It infuriates me when someone commits a hideous crime, then, tries to either get out of it or gets a sharply reduced sentence by saying that they have intellectual challenges or mental health disabilities. It flies in the face of what I have been taught and have worked for. Real equality means that you don’t get a pass for wrongdoing simply because of a disability.
Let me be clear. I am not talking about a person with a disability that kills someone in the act of self-defense or while trying to protect his or her family from imminent harm, nor am I referring to someone like the young man with intellectual disabilities who didn’t understand that he had to pay each time he wanted to see his favorite movie.
People with disabilities are much more likely to be the victims rather than the perpetrators of crime. And lately, in some cases, law enforcement has gone totally overboard, resulting in brutal, sometimes fatal events when interacting with someone living with developmental or intellectual disabilities.

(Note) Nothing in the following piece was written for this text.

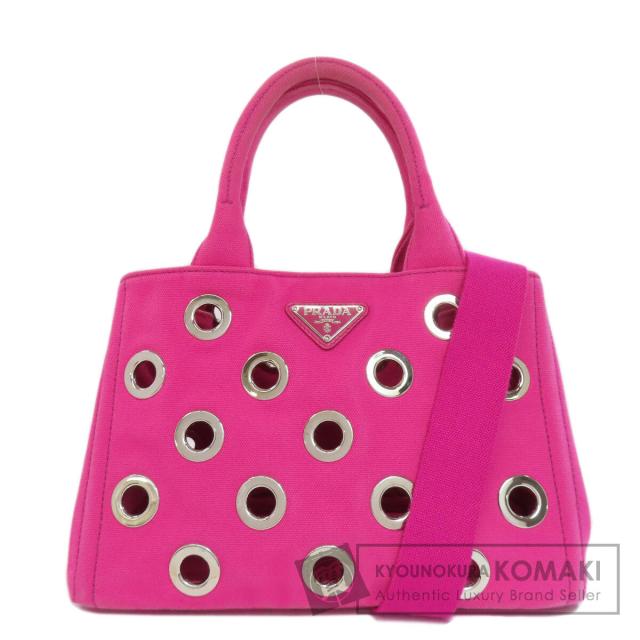 プラダ PRADA 1BG439  カナパミニ パンチング 2WAY  ハンドバッグ キャンバス レディース  中古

Instead, I’m talking about someone who willfully commits a heinous act and expects not to get punished because he or she either has or is perceived to have a disability.
Part of this is society’s fault.
We often think that if someone commits a terrible crime that they must be “sick in the head,” or “something must be wrong with them,” as if having a mental health disability or intellectual challenges should somehow absolve the person of accountability for their grave act.
There seems to be this pervasive idea that if someone has a disability – physical, mental, developmental or intellectual – that they are incapable of willfully engaging in violent acts or committing serious crimes and if they did, it was due to their disability, so the person should be given a lesser sentence or shouldn’t have to suffer any consequences.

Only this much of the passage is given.